Sometimes companies forget what businesses they are in and Comcast seems to be the latest media and communication company to do so.
The problem evidenced in the dispute between the FCC and Comcast over its traffic management policies blocking or slowing BitTorret and other files in violation of FCC network neutrality rules requiring open access. Without addressing whether regulators or Comcast are right in the dispute, it is clear from the company’s response that it has lost sight of it core business.
Comcast argues it was engaging in reasonable business practices by limiting the flow of BitTorrent files (often used to download large video, audio, and text files) because they push up the flow of traffic and slow the system. In Comcast’s view, the system and its integrity are its raison d’etre and represent the business it is in. It is easy to understand why the company and its executives might think so.
Comcast spends the majority of its effort and personnel creating and maintaining its system and infrastructure, tackling issues of system capacity and capabilities, and working to ensure system reliability and speed. It provides video, Internet, and voice services via 575,000 miles of wires serving 15 million cable subscribers, 13 million Internet users, and 4 million digital home providers. In the last three years Comcast has spent $13.6 billion in capital expenditures on the system.

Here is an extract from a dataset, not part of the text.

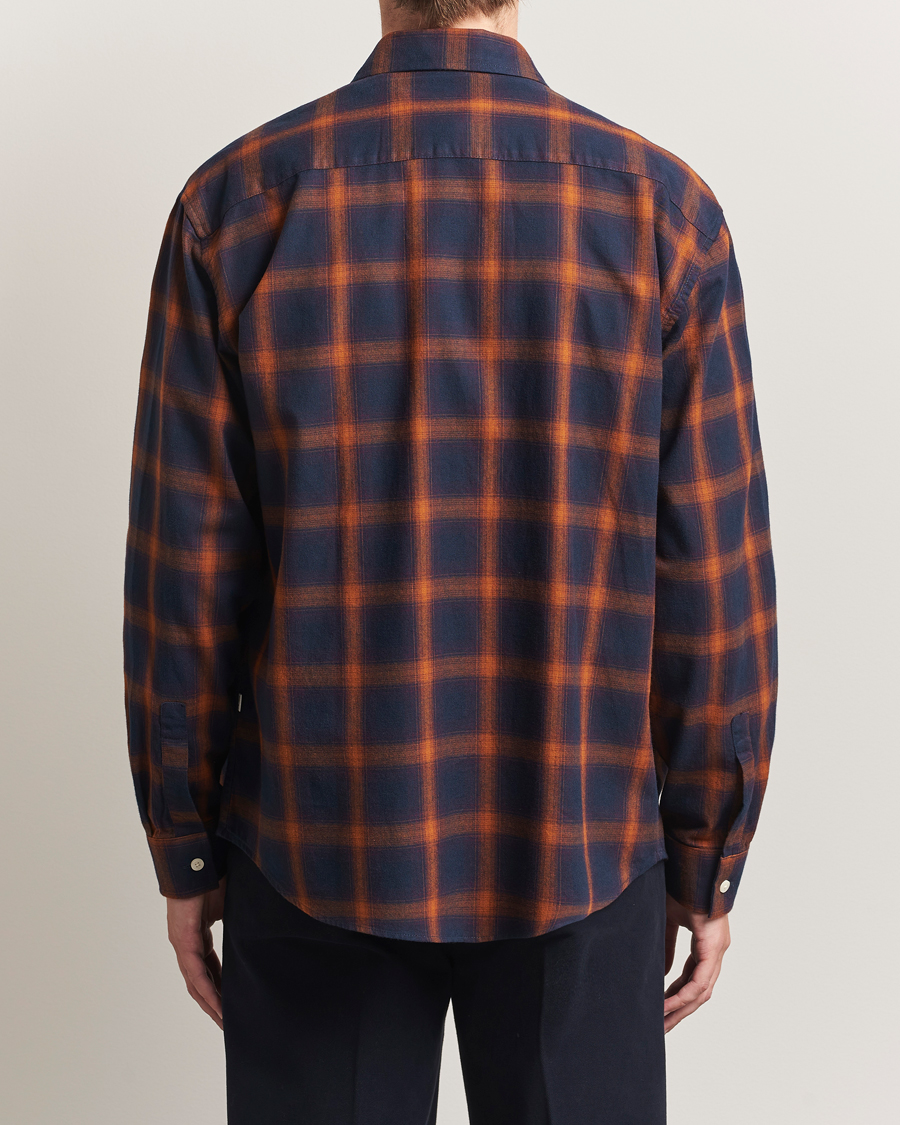 Herr | Skjortor | NN07 | Deon Flannel Checked Shirt Navy/Orange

Unfortunately, the extraordinary network it operates and maintains—the lines, switches, head-ins, Internet and telephone connections—are not the business of Comcast, they are just the requirements for conducting the business. Its real business is providing customers access to the video, audio, text, and voice communications they desire.
Its central purpose is serving the needs of the end users, including those who want to acquire capacity-eating BitTorrent files. It is the purpose that its executives seem to have forgotten when they decided their network management practices were more important than the wishes and desires of their customers. Their absent mindedness is not completely surprising, however, because the company has long had one of the poorest records of customer service among media firms. Lots of problems develop rapidly if you think it would be a good business if you just didn't have to deal with bothersome customers.